No Florida appellate court has addressed the appointment of a receiver pendente lite in a dissolution proceeding. The only cases which have dealt with the appointment of a receiver pendente lite in matrimonial litigation are from jurisdictions outside Florida.
The Florida Supreme Court has stated that a receivership is not an end in itself; rather, it is a means to an end. It is a remedial device which serves to preserve the thing in controversy for the benefit of the parties against the day when the court will adjudicate their interests. Clawson v. Clawson, 54 So.2d 161 (1951) (relying on Kelleam v. Maryland Casualty Company of Baltimore, Maryland, 312 U.S. 377, 61 S.Ct. 595, 85 L.Ed. 899 (1941).
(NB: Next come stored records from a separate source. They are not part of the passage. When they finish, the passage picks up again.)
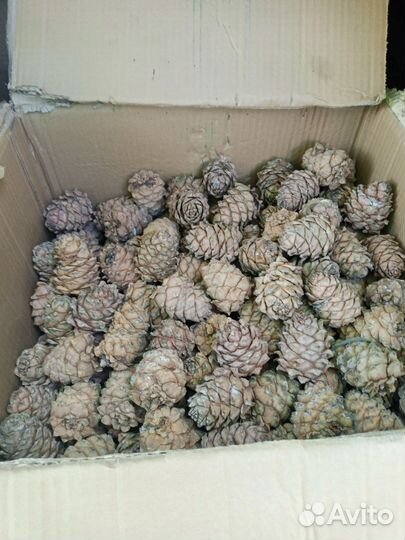 Шишка кедровая 100шт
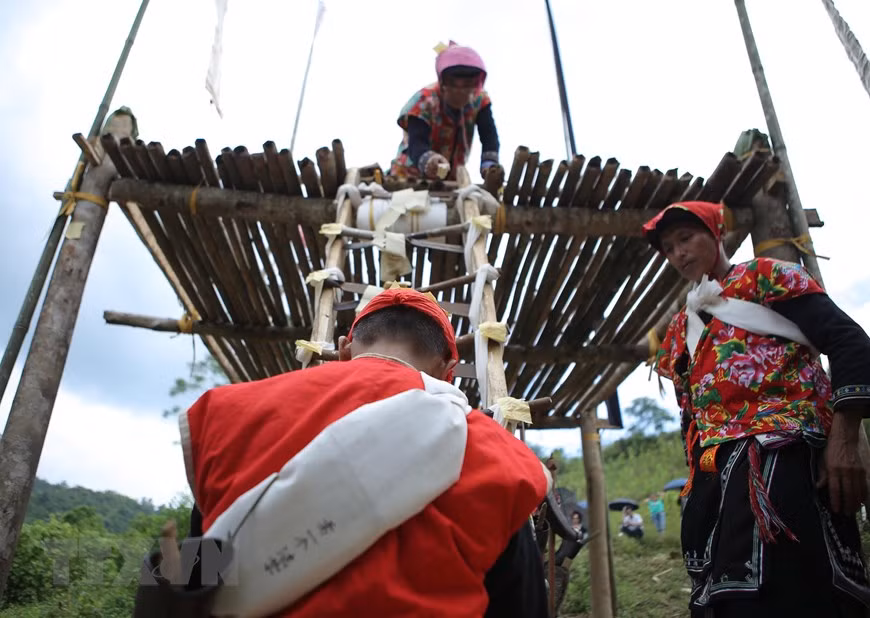 瑶族用竹竿在上面建起祭坛，一边扎以横木作梯。（图自越通社记者周校 摄）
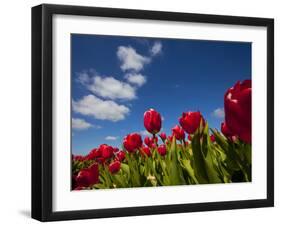 Tulips-rbouwman-Framed Photographic Print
The appointment of a receiver is a drastic remedy to be exercised with great caution. It is a remedy appropriate only when dissension, fraud, misconduct or mismanagement exists which makes it impossible for the business to continue or to preserve its assets. Prassas v. Nicholas W. Prassas Co., 102 Ill. App.3d 319, 58 Ill.Dec. 86, 88, 430 N.E.2d 28, 30 (App.Ct. 1981).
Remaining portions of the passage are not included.